Failed call to cuInit CUDA_ERROR_NOT_INITIALIZED (Device mapping: no known devices)

svenkatesh.87 · November 9, 2018, 11:42pm

I am not able to execute tensorflow program by referring GPU throwing exception (Failed call to cuInit CUDA_ERROR_NOT_INITIALIZED (Device mapping: no known devices)) tensorflow 1.2.1

Could you check the $PATH? Let me know incase of anything is missing.

±----------------------------------------------------------------------------+
| Processes: GPU Memory |
| GPU PID Type Process name Usage |
|=============================================================================|
| No running processes found |
±----------------------------------------------------------------------------+
(tensorflow) [srcAI9@ca47dppaia001 ~]$ echo $PATH
/usr/local/cuda/bin:/home/srcAI9/anaconda3/envs/tensorflow/bin:/home/srcAI9/anaconda3/bin:/usr/local/bin:/usr/bin:/usr/local/sbin:/usr/sbin:/home/srcAI9/.local/bin:/home/srcAI9/bin:/home/srcAI9/anaconda2/bin
(tensorflow) [srcAI9@ca47dppaia001 ~]$ echo $LD_LIBRARY_PATH
:/usr/local/cuda/lib64
(tensorflow) [srcAI9@ca47dppaia001 ~]$ nvcc --version
nvcc: NVIDIA (R) Cuda compiler driver
Copyright (c) 2005-2018 NVIDIA Corporation
Built on Sat_Aug_25_21:10:00_CDT_2018
Cuda compilation tools, release 10.0, V10.0.130
(tensorflow) [srcAI9@ca47dppaia001 ~]$ cat /usr/local/cuda/version.txt
CUDA Version 10.0.130
(tensorflow) [srcAI9@ca47dppaia001 ~]$ cat /proc/driver/nvidia/version
NVRM version: NVIDIA UNIX ppc64le Kernel Module 410.72 Wed Oct 17 20:19:50 CDT 2018
GCC version: gcc version 4.8.5 20150623 (Red Hat 4.8.5-36) (GCC)

Thanks,
S.Venkatesh

dcarver · November 20, 2018, 4:24pm

Me too!

power9-08.discovery(1012)# uname -a
Linux power9-08 4.14.0-49.8.1.el7a.ppc64le #1 SMP Mon May 28 07:06:43 UTC 2018 ppc64le ppc64le ppc64le GNU/Linux

power9-08.discovery(1013)# systemctl status nvidia-persistenced.service
? nvidia-persistenced.service - NVIDIA Persistence Daemon
Loaded: loaded (/usr/lib/systemd/system/nvidia-persistenced.service; enabled; vendor preset: disabled)
Active: active (running) since Tue 2018-11-20 10:11:18 CST; 4min 13s ago
Process: 132714 ExecStart=/usr/sbin/nvidia-persistenced --user root (code=exited, status=0/SUCCESS)
Main PID: 132715 (nvidia-persiste)
CGroup: /system.slice/nvidia-persistenced.service
??132715 /usr/sbin/nvidia-persistenced --user root

±----------------------------------------------------------------------------+
| Processes: GPU Memory |
| GPU PID Type Process name Usage |
|=============================================================================|
| No running processes found |
±----------------------------------------------------------------------------+

AC922 (8335-GTH) Firmware
power9-08.discovery(1015)# lshw | grep with
product: 8335-GTH (ibm,witherspoon)
version: witherspoon-ibm-OP9-v2.0.8-2.2-prod
power9-08.discovery(1020)#

Robert_Crovella · November 20, 2018, 4:40pm

Did you validate the CUDA install?

Is there a history of previous CUDA software/drivers installed on the machine?

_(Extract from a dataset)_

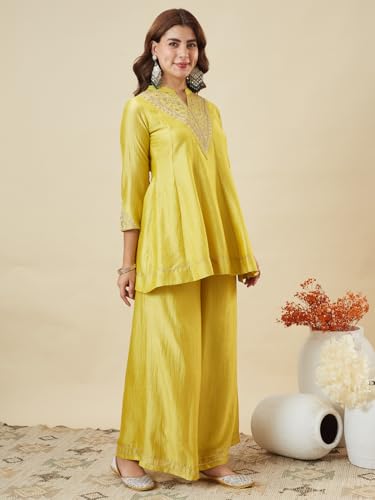 Image of MOKOSH Women's Silk Embroidery Kurta Sharara with Dupatta | Kurta Set | Embroidered |Indian Kurta Outfit with Sharara | 3 Piece Outfit |Straight Ethnic Suit 4 Colour Options Available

dcarver · November 20, 2018, 5:58pm

First question response:
What do you mean by validating the CUDA install? If you mean to validate by running the Cuda examples from
[url]Installation Guide Linux :: CUDA Toolkit Documentation then no, because nvidia-smi was only reporting Memory-Usage on three of the four V100-SXM2 GPUs. And if the Nvidia utility was failing then why continue with the Cuda examples. I did try multiple reboots and power cycles and check of power9 firmware.

Second question response:
I was running Nvidia drivers 396.44 and Cuda 9.2 without this problem, so removed Nvidia driver 410.72 and Cuda 10.0 and reinstalled Nvidia driver 396.44 and Cuda 9.2.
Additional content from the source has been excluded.